Wednesday, February 17, 2010

Grad school for boys and girls

The manifestos against going to humanities grad school (which, like those against the skinny-models, are eternal) are often guilty of not differentiating between funded programs and non-, well-ranked ones and less so. But another angle they leave out, and that I hadn't really thought about until reading Matt Feeney's recent post and its comments, is gender. What difference does it make if the 22-year-old choosing between doctoral programs and whatever else is a man or a woman?

The 'plus' of being around undergrads that Feeney alludes to, then explains outright, is obviously somewhat gender-specific, as in, the presence of 19-year-old boys is of no particular advantage to most mid-20s straight women. Feeney writes of meeting his wife "when my dissertation was already finished... when she was a senior." This is not a situation I could imagine any of my female classmates finding themselves in. That said, the drawback of "'being poor through your late twenties'" (Feeney quoting a commenter) is probably a lot less pronounced for women than men. The market for well-read women who can make intelligent cocktail party chit-chat but who don't do anything that sounds too intimidating career-wise (and when I tell anyone what I study, and what my boyfriend does, take a guess whether it's French or astrophysics that gets the stunned silence) is surely greater than for our male equivalents. If the argument against humanities grad school is that it's basically a type of finishing-school, then that's in a sense an argument for grad school for women in urban areas looking to meet rich, possibly older, men.

Then there's the question of fertility, which for women we've decided ends at 21. Or, even if we're going with 35, grad school is reputed to keep women hostage till that age. Does being a grad student make marriage/kids in one's mid-20s less of an option? Or (as I suspect) is it just that the sort of people who go to grad school are the types who go to PhD programs are not typically the sort interested in either that young, or at all? Because plenty of couples are starting families on household incomes the same as mine without this being even a tiny bit tragic. If we the childless 26-year-old humanities grad students list income among the reasons we don't have kids, it's mainly because the people we know with kids make more than we do, either because they're already profs or because they work in a different field, and we associate having kids with already having a particular standard of living. And... if you're a girl grad-student who's parlayed your sophisticated non-intimidatingness into a hedge-fund beau, problem solved, assuming you're not dead set on taking that tenure-track job half a country away from Wall Street and are OK with teaching high school on the Upper East Side.

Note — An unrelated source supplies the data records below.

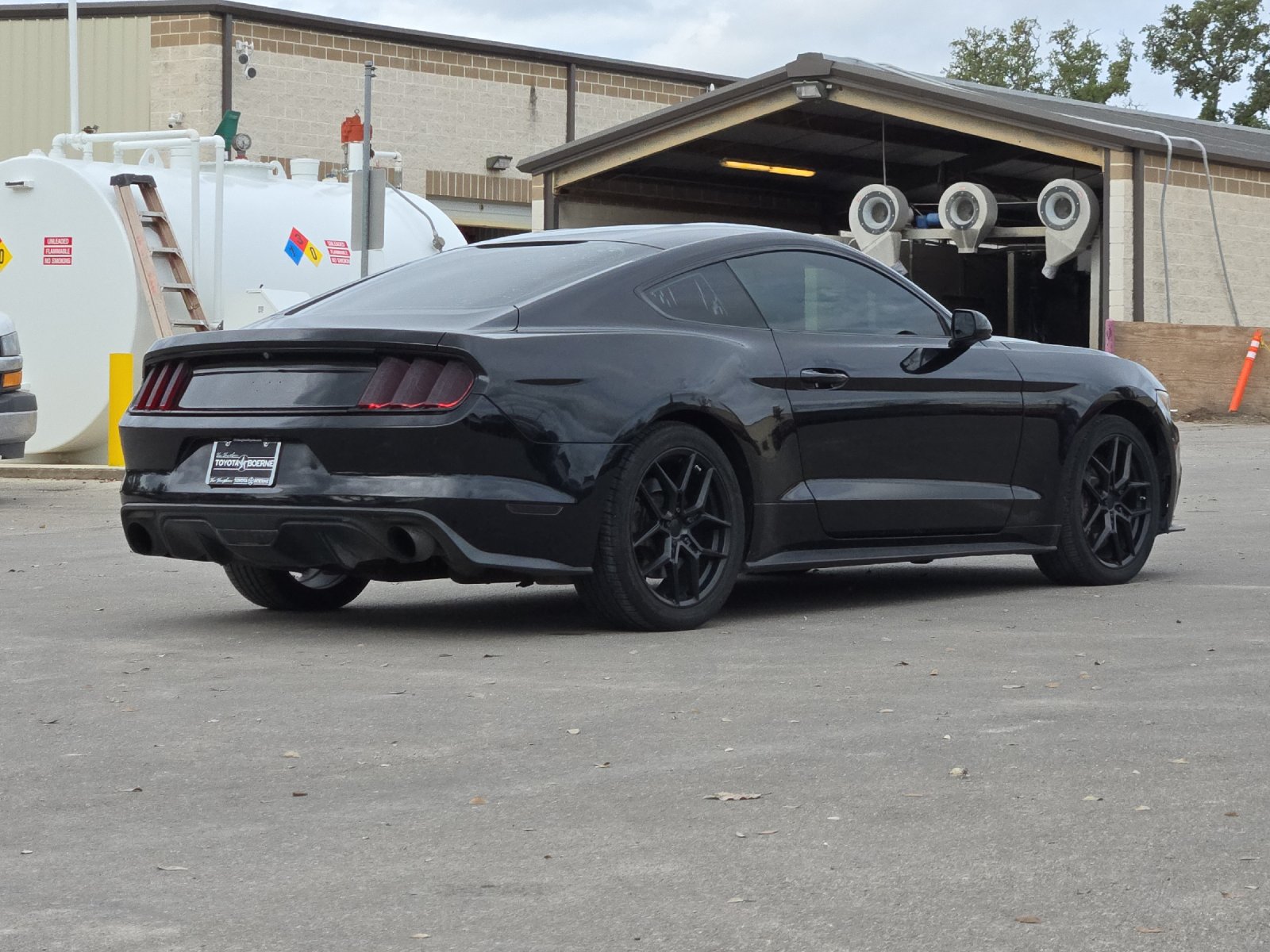 Used 2017 Ford Mustang GT w/ GT Performance Package RWD image 5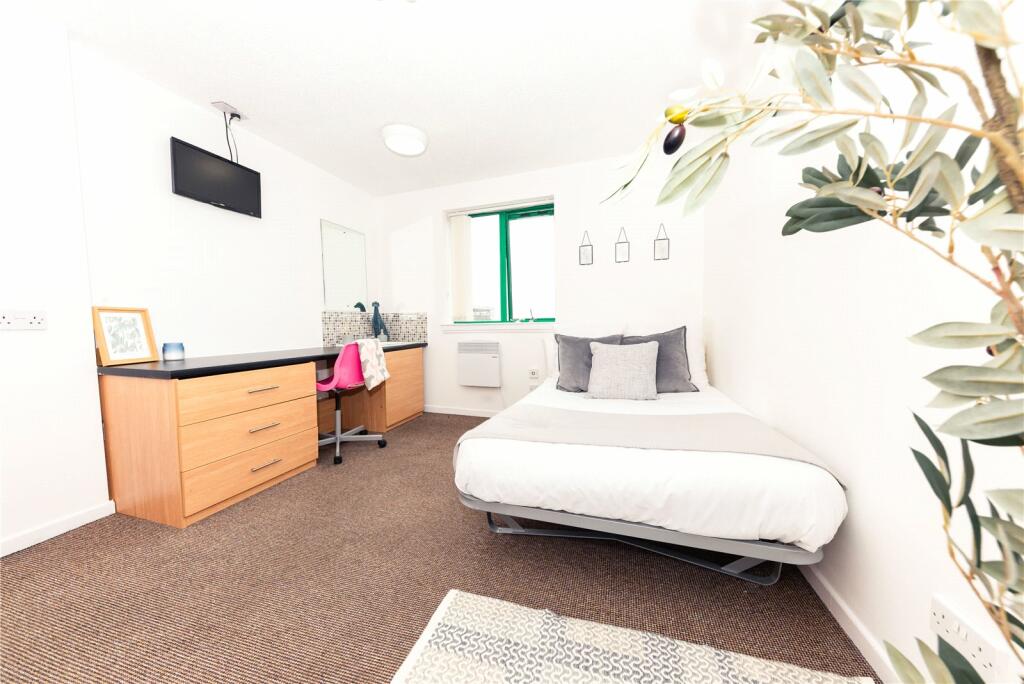 5 bedroom flat for rent in Borden Court, 143-163 London Road, Liverpool, L3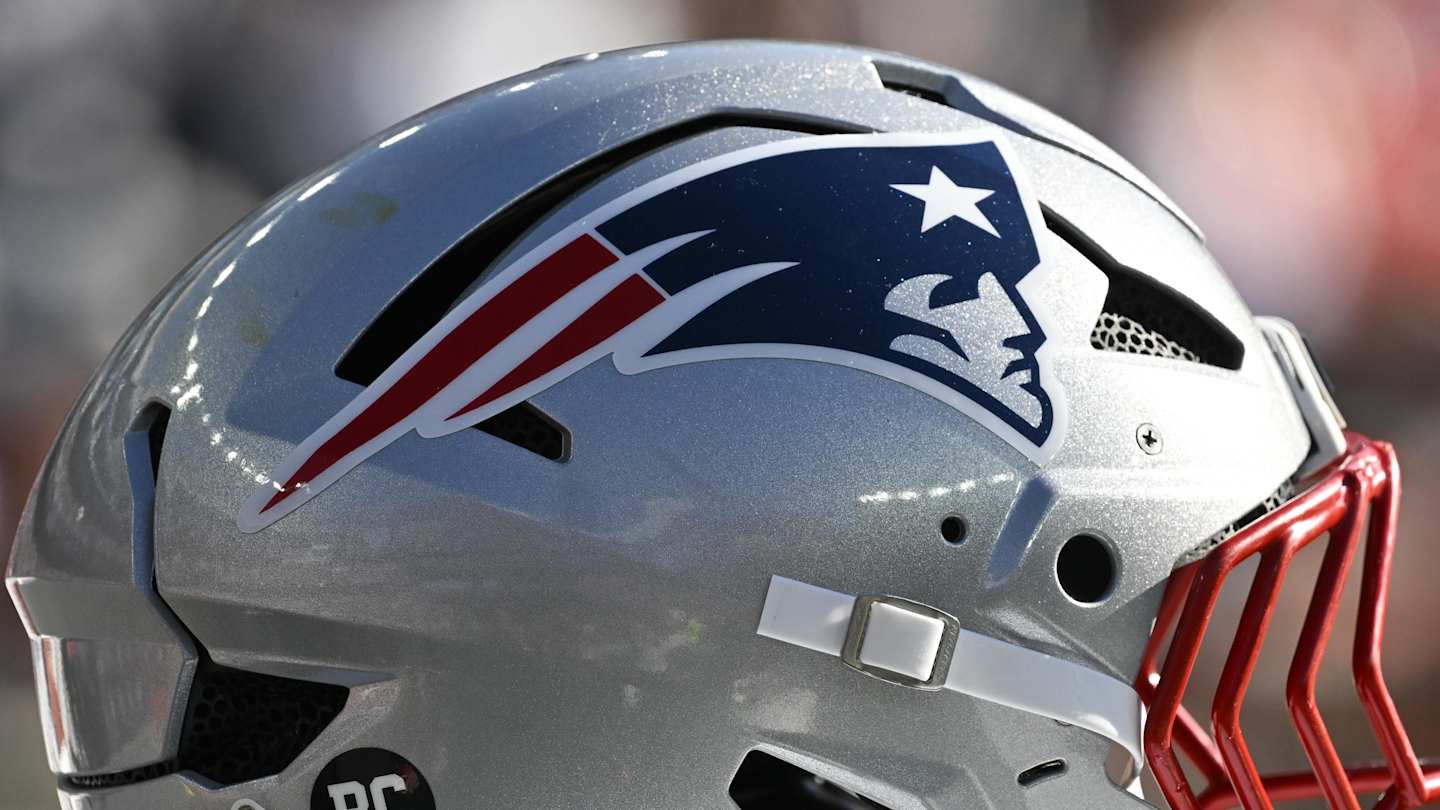 Patriots' Terrell Williams Receives Coaching Staff Promotion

Then there's the question of ego. In my limited experience of the world, those who enter grad school imagining a future of tenure, wood-paneling, and nubile acolytes, those who enter grad school because It Is Their Calling, because they are Intellectuals, these are in virtually all cases men. On the one hand, having this attitude towards grad school makes you an annoyance to fellow grad students, and leads to severe disappointment when The Job they are owed isn't there. But! It probably helps in terms of getting through grad school not to dwell too much on the Plan Bs. But! It helps, if you're not actually a genius, not to go through life convinced you are one, and since most of us, male and female alike, are nothing of the sort, here, women may have the advantage.


Matt said...

Most of this seems quite plausible (especially the bit about dating undergrads, though only grad students who had come immediately from undergrad seemed very interested in that even among the men when I was in grad school) but I wonder if its generally true that grad school women would, in general, be happy enough to marry a rich guy and teach high-school (or something.) I suppose if it has the advantage of being rich and living in New York city than maybe it's okay, though of course it's only a small fraction of grad students who are in NY, and the grad student women I knew, mostly in philosophy, classics, and History and Sociology of Science (they were all in the same building) were pretty intensely intellectual and didn't seem likely to be easily satisfied with such an option. Now, as a second-best it's certainly not terrible, but most seemed pretty clearly set on academic life.

Phoebe said...


If you include universities near NY, that's actually many, many grad students - and then there's the Bay Area... As for grad student women thinking like this, I don't think very many do, and all I know are "pretty intensely intellectual" as well. I don't know of anyone having intentionally sought out a wealthy man - things just sort of happen as they do. But my point was that, if we're taking the (perhaps a bit beyond) realist view that post-grad-school, options within academia are severely limited even for the best and most motivated students, these women and their male equivalents could well be teaching high school regardless. Basically, if the idea floating around is that grad school=poverty, this is one example of why that isn't necessarily the case, even for those who don't get tenure-track jobs. It's not the route I'd want for myself, but this is about male and female grad students in the broadest terms.